Shultz egotistically wrote, “… we have lied to the American people and misused our friends abroad. We are revealed to have been dealing with some of the sleaziest international characters around… There is a Watergate-like atmosphere around here as the White House staff has become secretive, self-deluding, and vindictive… But almost every aspect of our foreign policy agenda will suffer unless the  president makes the decision now to halt this operation and let me clean up the mess.”

Shultz was aggrieved that in the Reagan Era, foreign policy and intelligence analysis were commingled at the CIA. Shultz– at the State Department, was left out of the loop. Separating those functions previously minimized possible abuses because the State Department used to handle policy; the CIA, analysis.

Further, having people who weren’t currently U.S. government employees, represent the United States abroad in diplomacy was risky. Shultz pointed out that people such as Jimmy Carter and Jesse Jackson weren’t accountable to the American government. A secretary of state, prior to taking office– like Shultz– was subjected to a rigorous vetting process. Shultz was outraged that during Iran-Contra, clowns off the street who had friends in high places were allowed to be hostage negotiators, unbeknownst to him.

Anyhow, most of the book described the arms-reduction talks between Reagan and Soviet leader Mikhail Gorbachev. There was a tug-of-war over the interpretation of the ABM Treaty. Reagan had agreed to allow the military to begin a research project into the “Strategic Defense Initiative” — a weapons system that was decades away from actual implementation and broke the bank, but was intended to scare the Soviets into agreeing to do away with more of its offensive weapons than otherwise.
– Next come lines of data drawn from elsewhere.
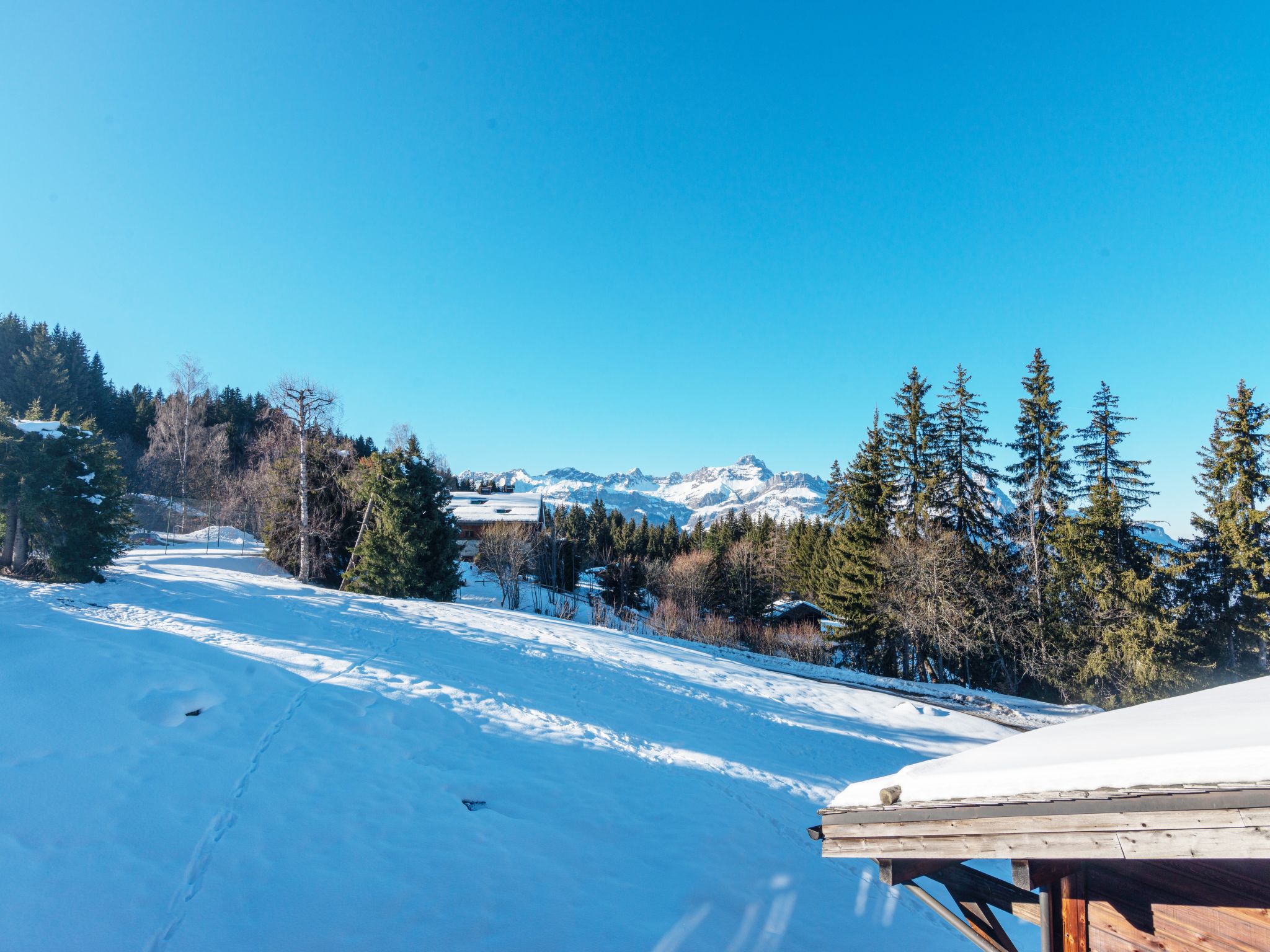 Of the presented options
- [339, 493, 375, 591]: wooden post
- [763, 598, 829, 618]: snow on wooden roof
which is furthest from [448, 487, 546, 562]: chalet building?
[763, 598, 829, 618]: snow on wooden roof

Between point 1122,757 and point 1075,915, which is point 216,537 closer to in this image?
point 1075,915

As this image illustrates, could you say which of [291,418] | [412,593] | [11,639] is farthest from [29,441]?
[412,593]

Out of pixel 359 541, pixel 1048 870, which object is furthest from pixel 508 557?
→ pixel 1048 870

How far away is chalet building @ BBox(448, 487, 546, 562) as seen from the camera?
4106 cm

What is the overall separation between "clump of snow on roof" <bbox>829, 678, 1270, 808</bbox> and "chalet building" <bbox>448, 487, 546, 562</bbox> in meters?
36.8

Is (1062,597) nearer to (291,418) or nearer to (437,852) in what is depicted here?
(437,852)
There were indications that Reagan was going senile, but Shultz tried to gloze over them and cover for him when he became loopy in public. “Once a certain arrangement of facts was in his head, I could hardly ever get them out.”

Read the book to learn of the untold taxpayer dollars that were wasted making dictatorial shenanigans go away (amid a flurry of propaganda) in Haiti, Panama, the Philippines, Libya, Chile, Angola, Namibia and South Africa; the three skills a secretary of state should have; of every last interaction between the Reagan administration and the Soviets; and how Shultz (according to Shultz) saved Reagan’s presidency.

Leadership

The Book of the Week is “Leadership” by Rudy Giuliani, published in 2002. This was a description of actions the author took in supervising and managing people to accomplish his law-enforcement and political goals.
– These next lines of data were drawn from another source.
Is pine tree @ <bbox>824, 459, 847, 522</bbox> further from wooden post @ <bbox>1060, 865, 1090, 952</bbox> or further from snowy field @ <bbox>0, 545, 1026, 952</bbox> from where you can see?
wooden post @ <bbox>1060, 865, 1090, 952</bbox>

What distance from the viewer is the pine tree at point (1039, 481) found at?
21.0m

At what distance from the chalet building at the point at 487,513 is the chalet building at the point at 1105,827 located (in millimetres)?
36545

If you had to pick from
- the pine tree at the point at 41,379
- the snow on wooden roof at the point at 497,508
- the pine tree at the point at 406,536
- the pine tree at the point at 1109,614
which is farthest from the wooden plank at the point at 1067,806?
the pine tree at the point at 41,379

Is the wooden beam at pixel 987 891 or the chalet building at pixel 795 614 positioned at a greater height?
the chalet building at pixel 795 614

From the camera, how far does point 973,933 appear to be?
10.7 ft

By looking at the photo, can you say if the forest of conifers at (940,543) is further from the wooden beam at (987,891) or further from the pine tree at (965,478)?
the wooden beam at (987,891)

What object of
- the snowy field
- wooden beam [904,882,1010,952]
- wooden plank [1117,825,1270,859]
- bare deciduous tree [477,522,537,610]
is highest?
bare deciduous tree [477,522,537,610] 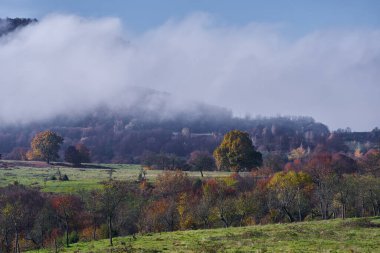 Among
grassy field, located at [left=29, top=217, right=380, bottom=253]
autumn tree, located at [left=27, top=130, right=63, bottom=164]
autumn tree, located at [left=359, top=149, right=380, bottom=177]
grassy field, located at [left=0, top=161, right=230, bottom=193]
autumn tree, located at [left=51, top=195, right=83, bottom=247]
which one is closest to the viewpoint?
grassy field, located at [left=29, top=217, right=380, bottom=253]


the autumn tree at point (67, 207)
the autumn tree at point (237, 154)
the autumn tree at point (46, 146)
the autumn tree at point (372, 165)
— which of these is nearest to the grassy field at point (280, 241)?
the autumn tree at point (67, 207)

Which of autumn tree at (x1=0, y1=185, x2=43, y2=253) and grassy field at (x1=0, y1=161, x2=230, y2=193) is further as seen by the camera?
grassy field at (x1=0, y1=161, x2=230, y2=193)

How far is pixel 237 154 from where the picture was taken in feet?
425

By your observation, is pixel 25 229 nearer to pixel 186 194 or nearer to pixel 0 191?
pixel 0 191

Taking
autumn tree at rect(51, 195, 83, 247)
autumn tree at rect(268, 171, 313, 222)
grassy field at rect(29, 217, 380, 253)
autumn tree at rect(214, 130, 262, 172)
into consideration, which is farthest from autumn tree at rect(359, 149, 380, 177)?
autumn tree at rect(51, 195, 83, 247)

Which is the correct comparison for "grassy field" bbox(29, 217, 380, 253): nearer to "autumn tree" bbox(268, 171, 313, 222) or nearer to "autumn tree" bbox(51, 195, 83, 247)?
"autumn tree" bbox(268, 171, 313, 222)

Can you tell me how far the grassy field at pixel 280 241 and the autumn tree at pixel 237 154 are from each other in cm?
7037

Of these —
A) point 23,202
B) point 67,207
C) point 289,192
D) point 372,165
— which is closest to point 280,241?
point 289,192

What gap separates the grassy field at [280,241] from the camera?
3912 cm

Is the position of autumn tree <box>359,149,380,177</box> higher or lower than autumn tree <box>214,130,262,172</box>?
lower

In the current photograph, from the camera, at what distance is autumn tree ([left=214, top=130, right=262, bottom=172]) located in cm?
12925

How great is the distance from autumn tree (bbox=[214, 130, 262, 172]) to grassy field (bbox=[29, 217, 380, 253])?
2771 inches

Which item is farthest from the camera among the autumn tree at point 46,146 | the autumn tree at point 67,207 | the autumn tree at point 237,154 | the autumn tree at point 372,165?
the autumn tree at point 46,146

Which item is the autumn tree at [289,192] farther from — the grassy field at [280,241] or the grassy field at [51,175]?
the grassy field at [280,241] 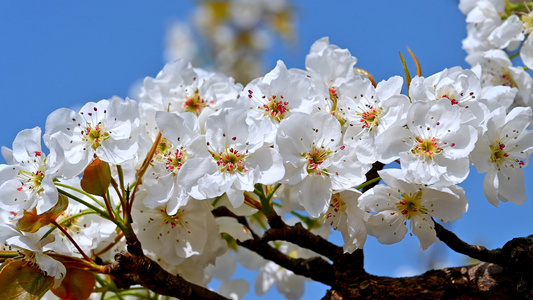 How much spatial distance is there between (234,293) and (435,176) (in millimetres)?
1173

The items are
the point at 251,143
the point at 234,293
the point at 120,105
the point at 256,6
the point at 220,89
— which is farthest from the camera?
the point at 256,6

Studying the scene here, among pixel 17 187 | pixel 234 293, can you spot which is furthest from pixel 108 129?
pixel 234 293

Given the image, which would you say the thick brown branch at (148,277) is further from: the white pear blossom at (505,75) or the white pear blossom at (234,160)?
the white pear blossom at (505,75)

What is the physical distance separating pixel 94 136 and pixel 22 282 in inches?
14.4

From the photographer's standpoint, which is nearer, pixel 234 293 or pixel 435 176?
pixel 435 176

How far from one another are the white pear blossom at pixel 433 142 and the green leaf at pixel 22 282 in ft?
2.69

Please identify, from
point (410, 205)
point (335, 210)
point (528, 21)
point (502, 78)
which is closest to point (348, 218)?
point (335, 210)

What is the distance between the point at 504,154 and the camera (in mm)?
1420

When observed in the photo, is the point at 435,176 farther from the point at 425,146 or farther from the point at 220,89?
the point at 220,89

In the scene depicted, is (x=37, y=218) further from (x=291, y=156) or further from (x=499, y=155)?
(x=499, y=155)

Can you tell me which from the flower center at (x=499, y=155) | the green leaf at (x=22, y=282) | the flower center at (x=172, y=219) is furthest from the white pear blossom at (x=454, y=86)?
the green leaf at (x=22, y=282)

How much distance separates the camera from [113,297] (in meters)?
1.87

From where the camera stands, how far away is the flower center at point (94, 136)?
1457 mm

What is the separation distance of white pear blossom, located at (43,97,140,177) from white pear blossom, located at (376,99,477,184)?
0.59 metres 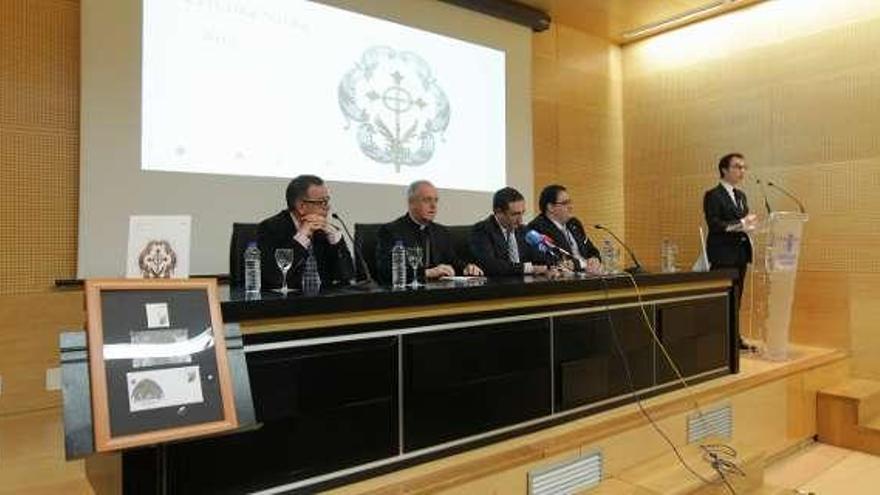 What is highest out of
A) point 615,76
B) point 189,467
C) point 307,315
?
point 615,76

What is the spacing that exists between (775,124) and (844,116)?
0.45 m

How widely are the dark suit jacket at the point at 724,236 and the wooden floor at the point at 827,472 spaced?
1154mm

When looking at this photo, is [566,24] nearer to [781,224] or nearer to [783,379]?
[781,224]

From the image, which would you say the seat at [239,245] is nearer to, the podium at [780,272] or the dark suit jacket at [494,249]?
the dark suit jacket at [494,249]

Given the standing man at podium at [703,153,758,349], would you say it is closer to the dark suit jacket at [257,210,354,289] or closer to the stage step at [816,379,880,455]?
the stage step at [816,379,880,455]

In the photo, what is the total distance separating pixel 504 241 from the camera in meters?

In general, Giuliani wrote that when he was mayor of New York City in the second half of the 1990’s through 2001, he did his homework and lived by the motto “be prepared.” He held an 8am daily meeting for high-level officials of major city agencies for purposes of communication, identifying problem areas, and monitoring progress.
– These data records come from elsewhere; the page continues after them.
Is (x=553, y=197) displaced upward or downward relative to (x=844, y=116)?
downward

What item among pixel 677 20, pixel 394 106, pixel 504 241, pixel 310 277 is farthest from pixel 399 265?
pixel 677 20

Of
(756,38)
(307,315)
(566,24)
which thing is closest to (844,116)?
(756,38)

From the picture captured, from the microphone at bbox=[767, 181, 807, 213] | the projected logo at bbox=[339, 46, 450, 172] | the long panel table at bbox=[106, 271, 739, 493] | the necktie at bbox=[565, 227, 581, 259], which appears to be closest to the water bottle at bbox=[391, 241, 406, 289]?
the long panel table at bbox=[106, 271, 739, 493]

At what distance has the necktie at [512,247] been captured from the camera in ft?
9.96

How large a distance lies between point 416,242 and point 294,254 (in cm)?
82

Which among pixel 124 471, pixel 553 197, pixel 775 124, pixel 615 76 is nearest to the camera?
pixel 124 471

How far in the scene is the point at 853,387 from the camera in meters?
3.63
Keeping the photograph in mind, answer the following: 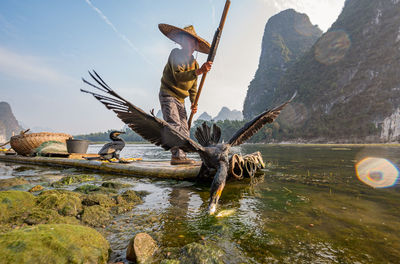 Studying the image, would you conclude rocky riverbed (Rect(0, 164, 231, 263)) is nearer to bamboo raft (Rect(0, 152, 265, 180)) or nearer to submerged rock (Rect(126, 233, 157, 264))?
submerged rock (Rect(126, 233, 157, 264))

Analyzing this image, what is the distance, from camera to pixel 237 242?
1.88 meters

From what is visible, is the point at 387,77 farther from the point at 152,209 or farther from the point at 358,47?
the point at 152,209

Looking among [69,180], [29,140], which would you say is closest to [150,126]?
[69,180]

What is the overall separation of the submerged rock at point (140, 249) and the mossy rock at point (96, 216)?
92cm

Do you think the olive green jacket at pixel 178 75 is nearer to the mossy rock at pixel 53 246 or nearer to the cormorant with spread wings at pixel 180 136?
the cormorant with spread wings at pixel 180 136

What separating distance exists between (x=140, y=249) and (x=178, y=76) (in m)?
4.76

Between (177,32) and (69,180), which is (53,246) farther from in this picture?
(177,32)

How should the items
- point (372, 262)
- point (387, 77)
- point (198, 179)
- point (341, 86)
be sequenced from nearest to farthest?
point (372, 262) → point (198, 179) → point (387, 77) → point (341, 86)

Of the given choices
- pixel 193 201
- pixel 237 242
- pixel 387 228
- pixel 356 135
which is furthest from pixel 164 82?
pixel 356 135

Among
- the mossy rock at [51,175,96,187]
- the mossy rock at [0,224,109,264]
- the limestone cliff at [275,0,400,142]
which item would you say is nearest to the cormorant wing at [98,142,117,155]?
the mossy rock at [51,175,96,187]

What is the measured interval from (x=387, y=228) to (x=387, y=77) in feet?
281

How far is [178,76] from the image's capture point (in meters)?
5.54

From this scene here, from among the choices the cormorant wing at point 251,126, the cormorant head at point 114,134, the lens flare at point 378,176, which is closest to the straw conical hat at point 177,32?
the cormorant wing at point 251,126

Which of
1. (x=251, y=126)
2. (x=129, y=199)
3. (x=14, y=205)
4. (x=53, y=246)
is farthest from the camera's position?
(x=251, y=126) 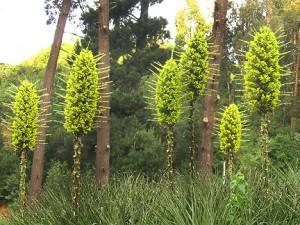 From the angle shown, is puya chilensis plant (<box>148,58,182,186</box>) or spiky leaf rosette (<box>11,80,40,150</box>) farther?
spiky leaf rosette (<box>11,80,40,150</box>)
In 2000, he was planning to run for the Senate. However, he was diagnosed with prostate cancer. The media behaved the way they usually do. “First of all, a great deal of the coverage was wrong. Reporters were talking about me to doctors I’d never even met… Television networks… asked if I’d be willing to have a camera come with me to my MRI and other extremely private moments– even a digital rectal examination.”

The author felt that it was important to learn the basics about every aspect of his administration- through reading, not just talking to people. He wrote, “It helps you distinguish between authentic and make-believe experts, the truly competent and the ideological knee jerkers.”

Giuliani was a very popular mayor who was credited with cleaning up Times Square and truly taking care of New Yorkers.

However, this book’s structure was redundant. It kept returning to the subjects of his law-enforcement achievements and what he saw and did on and after 9/11. Read the book to learn the details of this bragfest (notwithstanding the fact that the man has bragging rights.)